Around the World, an illustrated magazine of tours, travels, and natural history, devoted to a knowledge of the earth and of its inhabitants, of which Prof. Angelo Heilprin is editor, began its second year with the number for December, 1894. It has been received with a favor, the publishers represent, both by the general public and by specialists in scientific work, which emphasizes the need of a magazme covering its special field. Its general appearance and make-up go far to justify the claims its friends set up, that in its own field it stands alone in thi.s country, and "in its pictorial features it surpasses all similar publications of the Old World." The December number contains articles on Wintering on the Riviera, The Pygmies of the Congo, Among the Thibetans, American Cave Dwellers, The Sargasso Sea, Notes on Mountains and Mountaineering, Hints to the Traveler and Notes on Appliances of Travel, and full-page illustrations of Popocatepetl, Bellagio, on Lake Como, Cliff Castle, and the Zebra. (Monthly: The Contemporary Publishing Company, New York and Philadelphia; 15 cents, $1.50 a year.)
The Mechanism of Weaving is designed by the author, T. W. Fox, to supply what seems to be a deficiency of books in which the mechanical side of the art is made prominent.
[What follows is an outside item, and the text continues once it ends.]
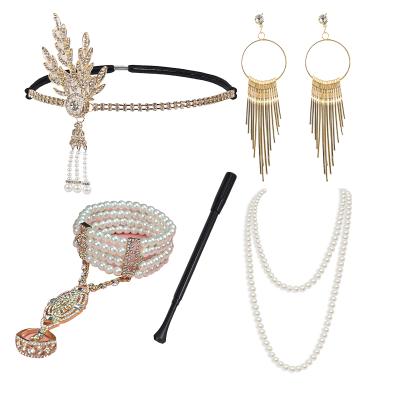 China Vintage 1920s Style Feather Headband Women's Party Cigarette Pole Necklace Bracelet Earrings Five Piece Set Bachelor Party Accessories for sale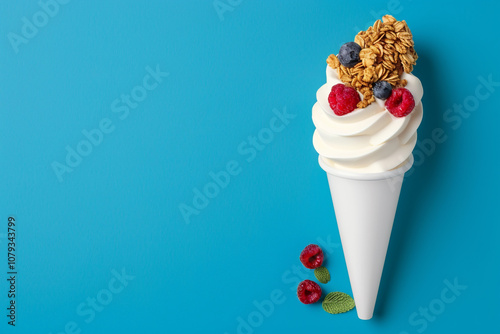 Isolated vector illustration of a delicious, cold, chocolate ice cream cone with a scoop of vanilla ice cream photo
Several admirable books have been written on weaving during recent years, but in them attention has been predominantly directed to designing, fabric and structure, and calculations relating thereto. The present work aims to put within the reach of the student, in as comprehensive a manner as possible, exact and practical information bearing upon the principles of weaving as exemplified in the various processes of the trade. Numerous topics of practice are treated, beginning with the description of the power loom, and continuing with chapters on healds, shedding or dividing the warp, over-and-under motions, the figuring harness, card cutting, picking, and other movements or elements of the art, described in detail. (Published by Macmillan & Co. Price, $2.50.)
A collection of Lectures on Biology, reprinted from the American Field, contains four lectures on that subject delivered by Dr. R. W. Shufeldt, on invitation, at the Catholic University of America, in January, 1892. The first lecture relates the history of biology and defines its present domain, and calls attention to the light it casts upon the unity of organization among plants and among animals, and upon the interdependence of the various natural' divisions of science. The second lecture considers its relations to geology. The third treats of its value as a study to the medical man and to every student of Nature, as well as to the professional biologist. The fourth lecture forecasts its future growth and influence, showing how it has affected the trend of human thought, and now demands a prominent place in any scheme of education worthy of the name.